The kaumatua shuffles, bonefingered hand grasping Joe's forearm. He moves blindly; his feet catch on sticks

and stumble on stones. He mutters to himself continuously. He is failing horribly fast, the upright man of

yesterday become this scarecrow of bones mere hours later.

I have seen dead people, but I have never seen someone die.

What do you do? Hold their hand and let them get on with

it?

Pray? Tangi? Listen?

The old man trips again, and nearly falls. Joe steadies him with his body. "Corner. Left."

The words are forced out. Thick veins in the old man's forehead pulse alarmingly.

The beaten earth track forks. Joe helps him down the left-hand path. They come to rocks, worn and broken,

but still towering above them. An ancient gorge where the river ran aeons ago, and carved this place for part

of its bed. A silent place: ochre and slate grey stones. No birds. No insects. The only plants are weeds, stringy

and grey and subdued.

The old man pulls on Joe's arm. He points with a trembling hand. "Cave. In ground." He tightens his lips and closes his eyes, concentrating. "I don't. Want. To be put there. In the town...."

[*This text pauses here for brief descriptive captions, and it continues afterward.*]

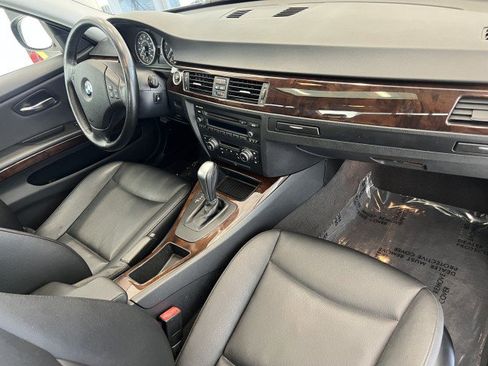Used 2011 BMW 335i xDrive Sedan AWD/4WD image 14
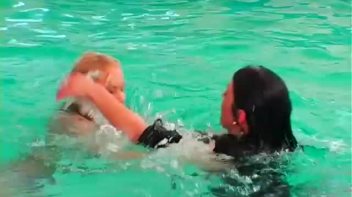 Play Fighting Turns Serious In The Pool Screencap 97 on www.sinx.com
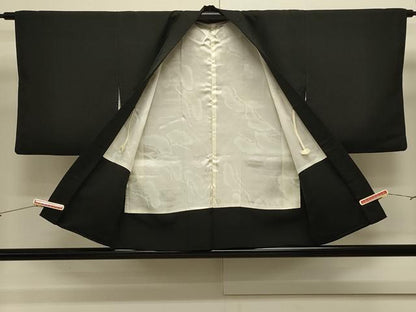 平和屋着物＃羽織　枝楓文　黒地　正絹　逸品　CABK3204in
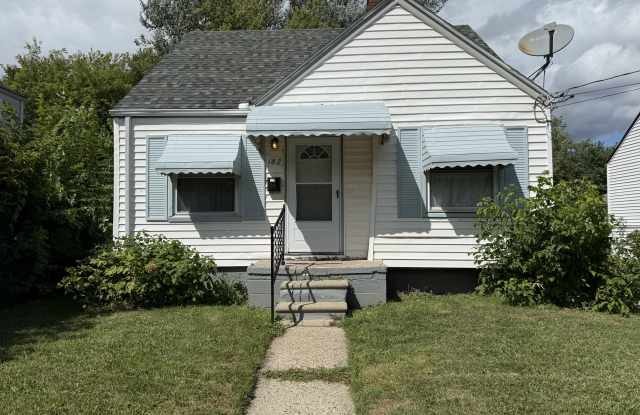 182 Crystal Lake Dr photos photos 182 Crystal Lake Dr photos photos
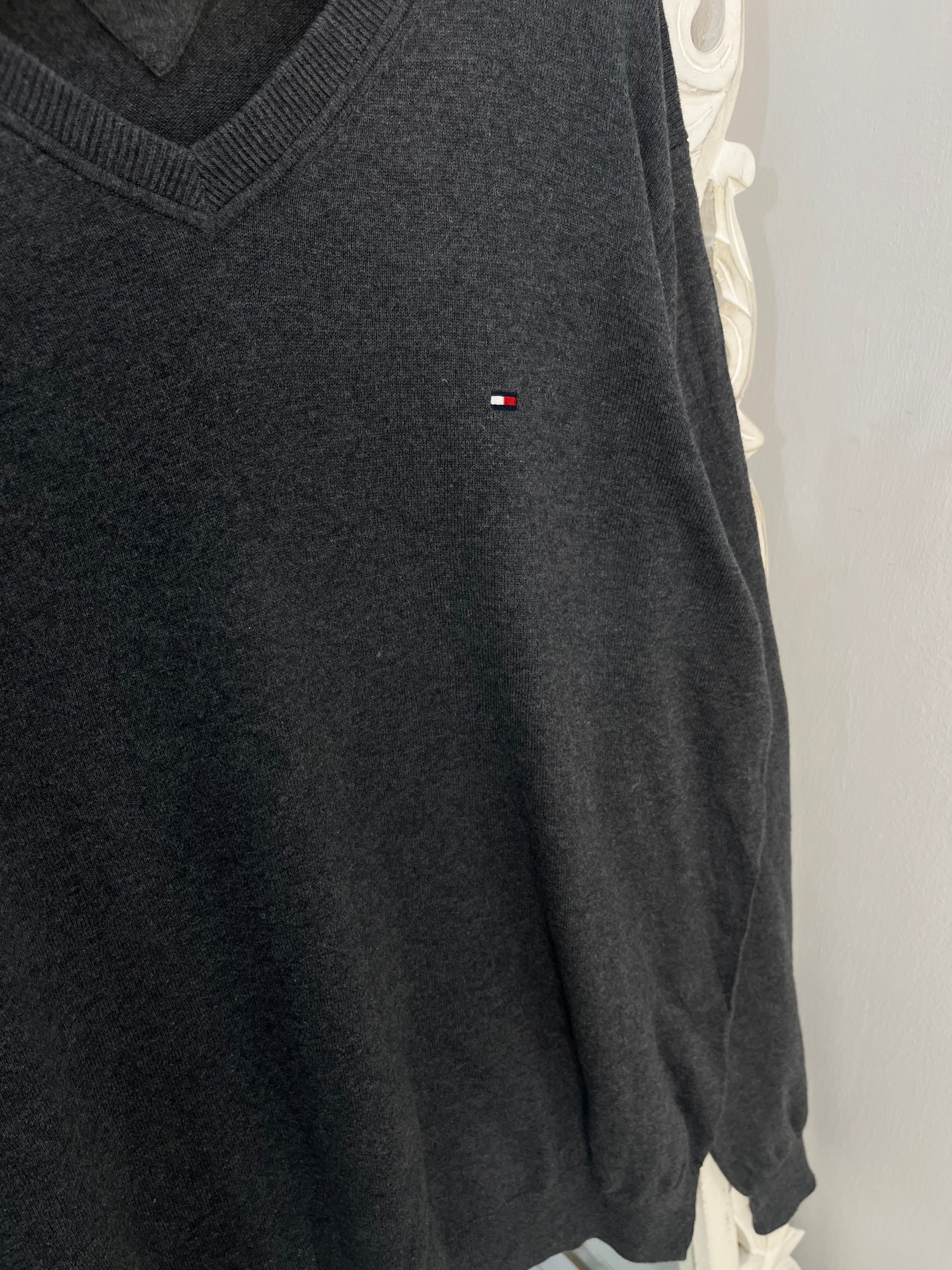 Vintage Tommy Hilfiger Sweater-Chest - Image 2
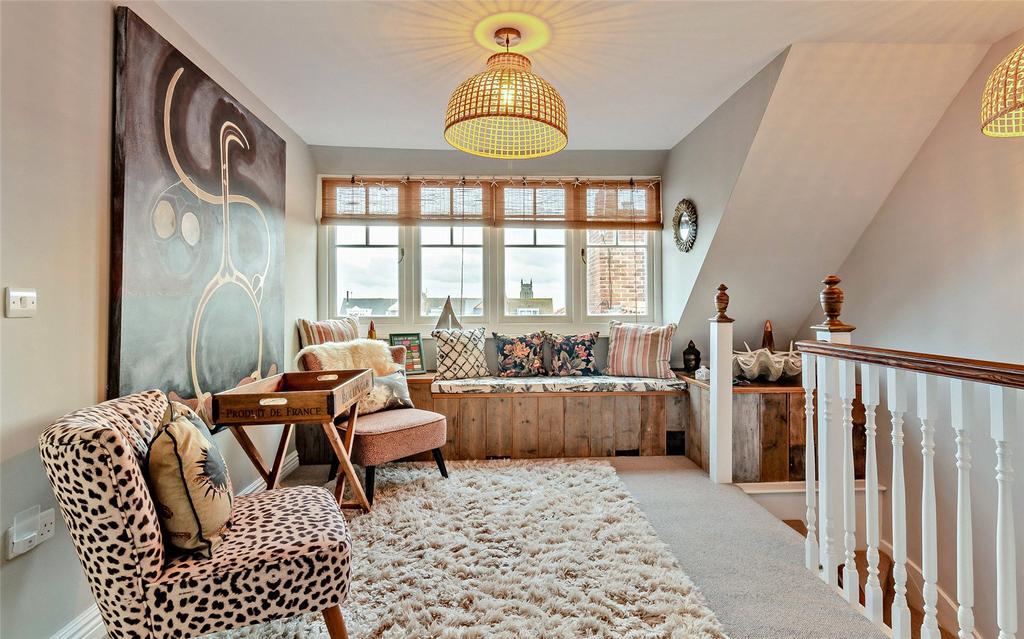2nd Floor Landing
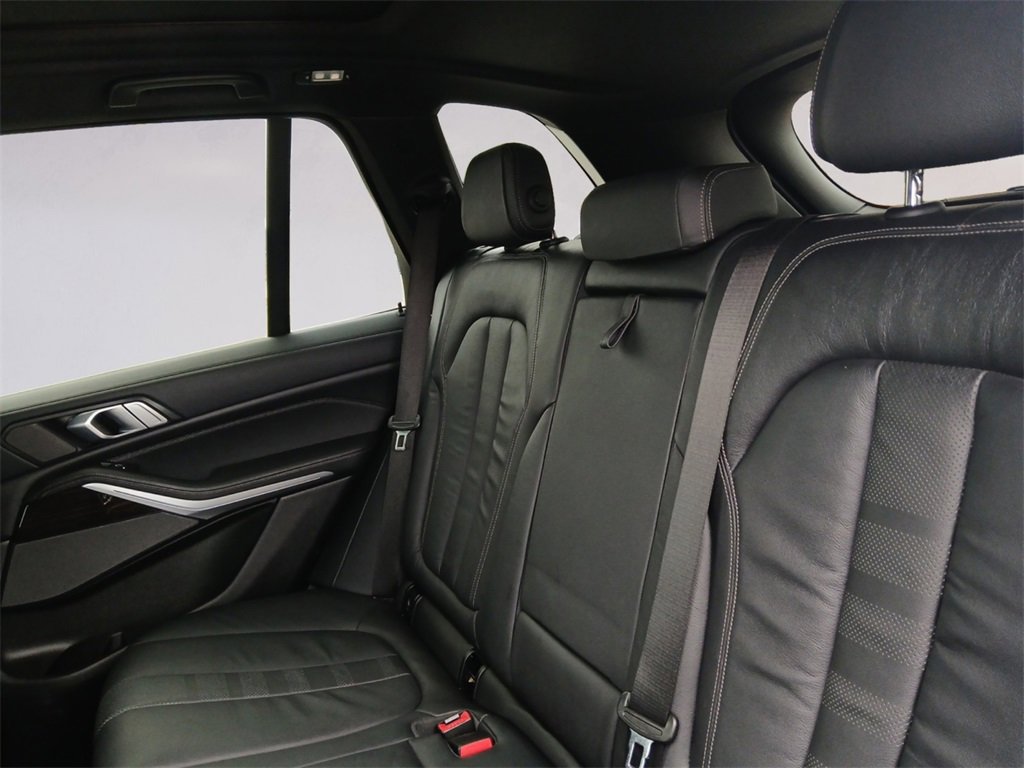 Used 2020 BMW X5 sDrive40i w/ Premium Package image 16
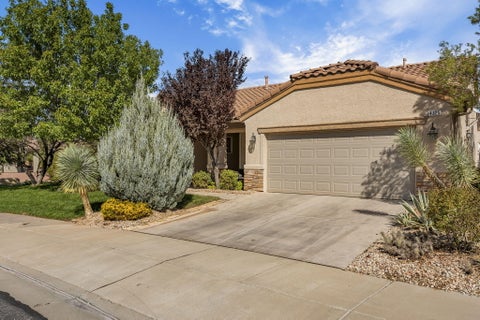 Tiny photo for 4325 Ironwood DR, Saint George, UT 84790 (MLS # 26-277281)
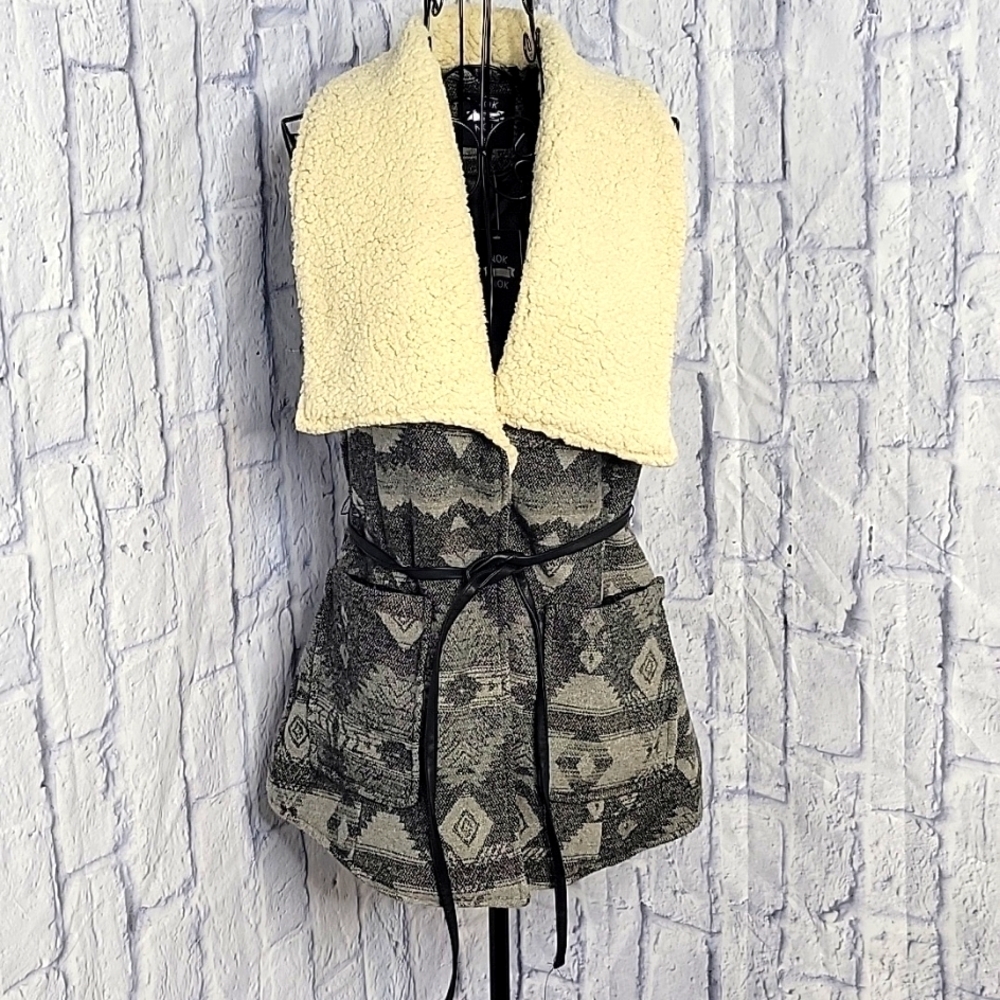 NOK‎ NOK Aztec Pattern Women's Vest Small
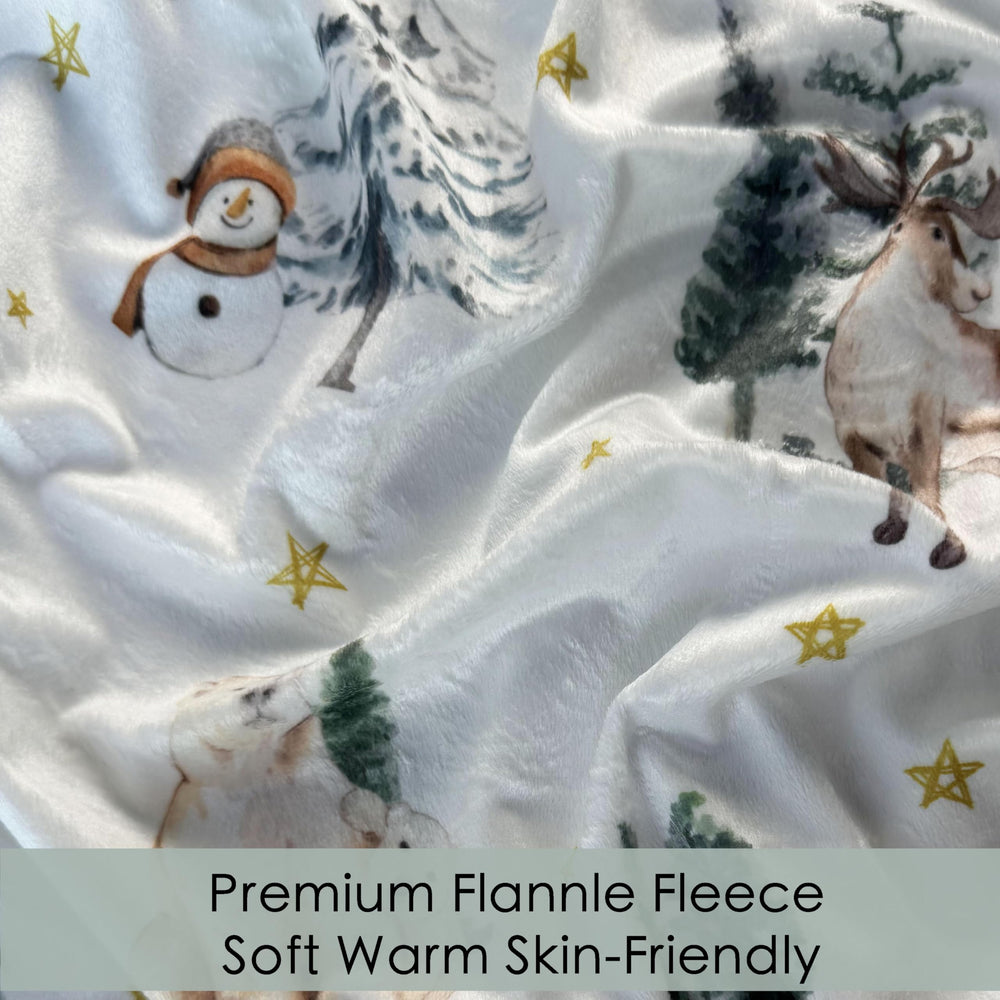 AMROSE fit with elastic, prevents shifting for a flat crib surface.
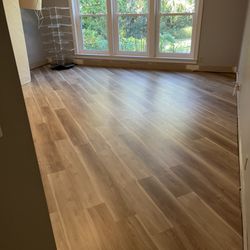 Witt Custom Flooring - Wire brushed White washed Engineered White Oak glued to the concrete.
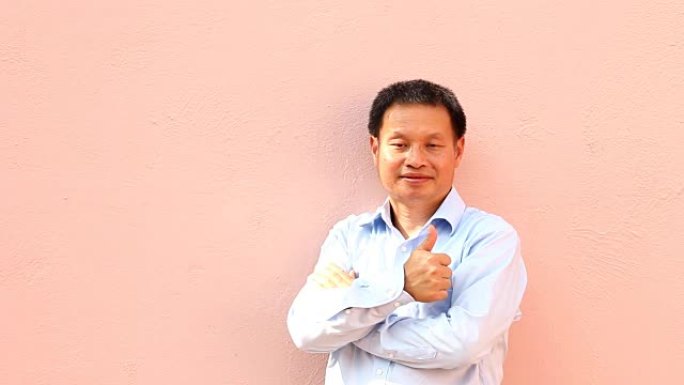 粉红色墙的泰国男子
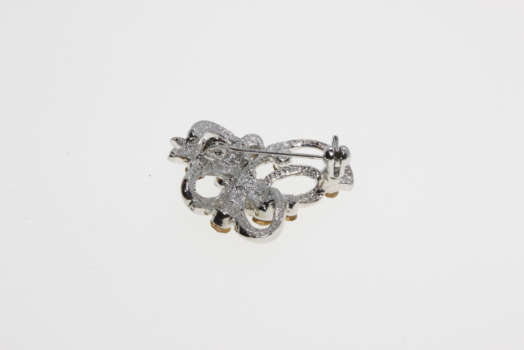 Brooch - Vintage Silver Tone Floral Bouquet Design with Yellow Diamante Stones - ML2262
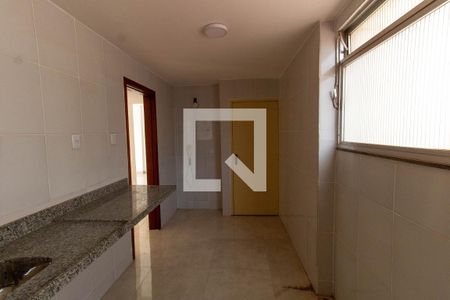 Apartamento à venda com 90m², 2 quartos e 1 vagaCozinha e Área de Serviço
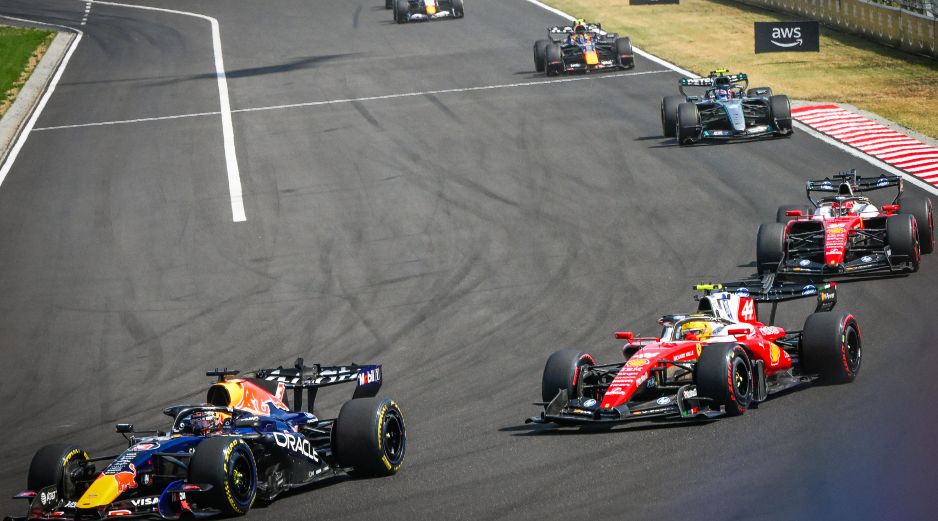 Kimi Antonelli buscará defender el liderato ante Hamilton y Russell en una carrera que tendrá además formato Sprint. AFP/ ARCHIVO.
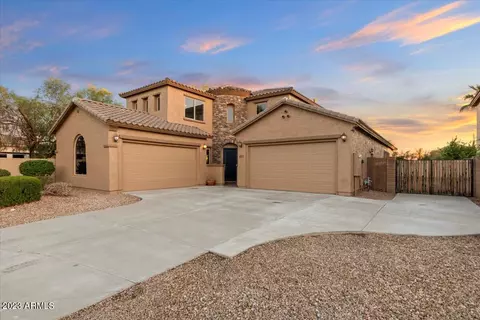 2855 E Honeysuckle Pl, Chandler, AZ 85286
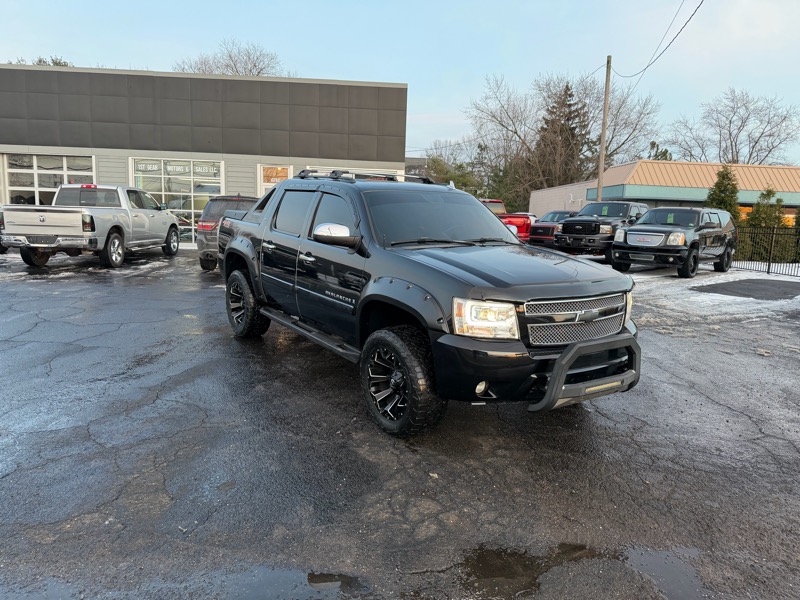 2008 Chevrolet Avalanche's photo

Burial cave... and his grandmother will lie up there. Somewhere. There's a rock like a saddle about fifty yards

away, in a direct line with where he's pointing. I'll take a look later. Maybe.

Joe shivers.

"E pou, don't worry. I won't put you there. You want to be buried in the town, I will take you there... but what marae? Who are your people?"

]('No. People. They're dead. The town...."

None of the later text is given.